Situasi semakin mencekam ketika ZK diduga memprovokasi massa dan memanggil saudaranya, HN. Meski korban berusaha menghindari konflik demi keamanan publik, kedua pelaku justru melakukan pengejaran layaknya memburu kriminal.
Sekitar 500 meter dari lokasi awal, korban dipepet dan dikepung. Tanpa ampun, ZK dan HN diduga melakukan serangan fisik menggunakan kayu broti. Khairunan yang berusaha membela diri dengan tangan kosong dan kayu seadanya harus tersungkur setelah kayu penangkisnya patah. Korban dikejar hingga jatuh di jalan semen, mengakibatkan luka robek di lutut, jari manis terkilir, dan memar serius di sekujur tubuh.
Insiden ini bukan sekadar pertikaian biasa, melainkan serangan langsung terhadap demokrasi. Jika setiap pihak yang diberitakan merasa tidak puas lalu menggunakan otot bukan otak, maka hukum di Kabupaten Kampar dianggap mati.
Tindakan menghalang-halangi tugas jurnalistik dengan kekerasan fisik adalah pelanggaran berat Pasal 18 ayat (1) UU Pers dengan ancaman pidana 2 tahun penjara atau denda Rp500 juta.

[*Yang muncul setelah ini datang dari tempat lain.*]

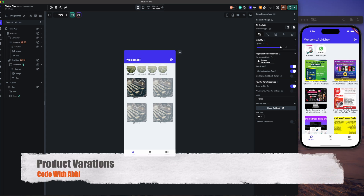Hello and welcome back to our channel Code with Abhi. In the last video we saw creating an order with a simple product. Today we are taking one step deeper on how to place an order with variable products. So let's begin.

Namun, lebih dari itu, pengeroyokan secara bersama-sama (Pasal 170 KUHP) adalah tindak pidana murni yang tidak boleh ditoleransi.
Kami mendesak Polres Kampar dan jajaran Aparat Penegak Hukum (APH) untuk:
– Segera menangkap pelaku ZK dan HN. Tidak ada alasan bagi polisi untuk menunda proses hukum, apalagi pelaku diduga memiliki rekam jejak terkait status DPO yang menjadi pemicu keributan.

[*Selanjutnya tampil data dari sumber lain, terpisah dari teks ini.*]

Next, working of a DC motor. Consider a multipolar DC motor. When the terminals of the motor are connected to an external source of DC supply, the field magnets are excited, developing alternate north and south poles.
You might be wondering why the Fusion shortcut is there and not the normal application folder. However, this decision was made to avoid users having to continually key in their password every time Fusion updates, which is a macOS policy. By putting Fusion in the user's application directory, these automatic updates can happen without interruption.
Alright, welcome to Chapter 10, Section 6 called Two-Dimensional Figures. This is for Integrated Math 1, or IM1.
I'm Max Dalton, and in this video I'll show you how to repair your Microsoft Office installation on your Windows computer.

– Jangan biarkan preseden buruk ini berlanjut. Jika APH lambat bertindak, publik akan berasumsi bahwa premanisme lebih kuat daripada hukum di wilayah Salo.
– Lindungi profesi jurnalis. Kekerasan terhadap wartawan adalah upaya pembungkaman informasi publik.
“Hukum harus tegak. Saya tidak akan mundur selangkah pun. Ini bukan hanya soal luka fisik saya, tapi soal harga diri profesi jurnalis yang diinjak-injak oleh oknum yang merasa kebal hukum,” tegas Khairunan Domo dalam keterangannya.
Publisher -Red
Eksplorasi konten lain dari Cyber Nasional
Berlangganan untuk dapatkan pos terbaru lewat email.














It’s really a nice blog.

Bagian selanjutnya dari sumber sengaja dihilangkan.